Owner of Company that Allegedly Trains Customers to Pass Polygraph Tests Charged with Fraud, Witness Tampering
The owner of a company that offers to teach customers how to pass a polygraph test, more commonly known as a "lie detector" test, has been indicted by federal prosecutors on five counts of fraud and witness tampering. United States v. Williams, No. 5:14-cr-00318, indictment (W.D. Ok., Nov. 13, 2014). Prosecutors allege that the defendant marketed his services to people who were scheduled to appear for polygraph tests with law enforcement and intelligence agencies. They further claim that he trained people "to lie and conceal crimes" in polygraph tests used during the employment screening process and during internal investigations.
Polygraph examinations use a device that measures and records a subject's pulse, blood pressure, respiration, and other indices as the subject answers a series of questions. The idea is that the subject will display different physiological responses when lying. The position of the scientific community, generally speaking, is that polygraph tests are not a reliable means of determining whether or not someone is telling the truth. Polygraph test results are nevertheless admissible in criminal trials in some U.S. jurisdictions under certain circumstances, and they are used by the federal government for employment screenings.
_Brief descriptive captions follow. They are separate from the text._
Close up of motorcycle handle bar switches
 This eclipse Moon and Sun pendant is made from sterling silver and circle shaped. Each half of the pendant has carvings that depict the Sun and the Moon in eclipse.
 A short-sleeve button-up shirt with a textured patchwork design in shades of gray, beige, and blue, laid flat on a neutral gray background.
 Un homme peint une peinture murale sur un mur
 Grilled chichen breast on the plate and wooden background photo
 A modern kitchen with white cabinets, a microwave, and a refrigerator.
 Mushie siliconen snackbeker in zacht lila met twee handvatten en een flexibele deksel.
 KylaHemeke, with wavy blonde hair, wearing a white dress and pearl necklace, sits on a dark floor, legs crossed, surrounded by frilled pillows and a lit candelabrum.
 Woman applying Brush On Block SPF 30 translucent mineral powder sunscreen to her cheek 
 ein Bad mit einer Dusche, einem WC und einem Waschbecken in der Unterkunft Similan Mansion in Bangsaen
The test relies on the assumption that deception produces a unique set or pattern of physiological responses, but as the American Psychological Association notes, no evidence exists to support this assumption. Numerous other factors, including the placebo effect, could affect the results and produce false "positives." In Williams, the defendant is a former Oklahoma City police officer who has been an outspoken critic of polygraph tests for years. He owns and operates Polygraph.com, where, he claims, he does not offer training on how to "beat" the test, but rather how to avoid results that lead to false accusations of lying.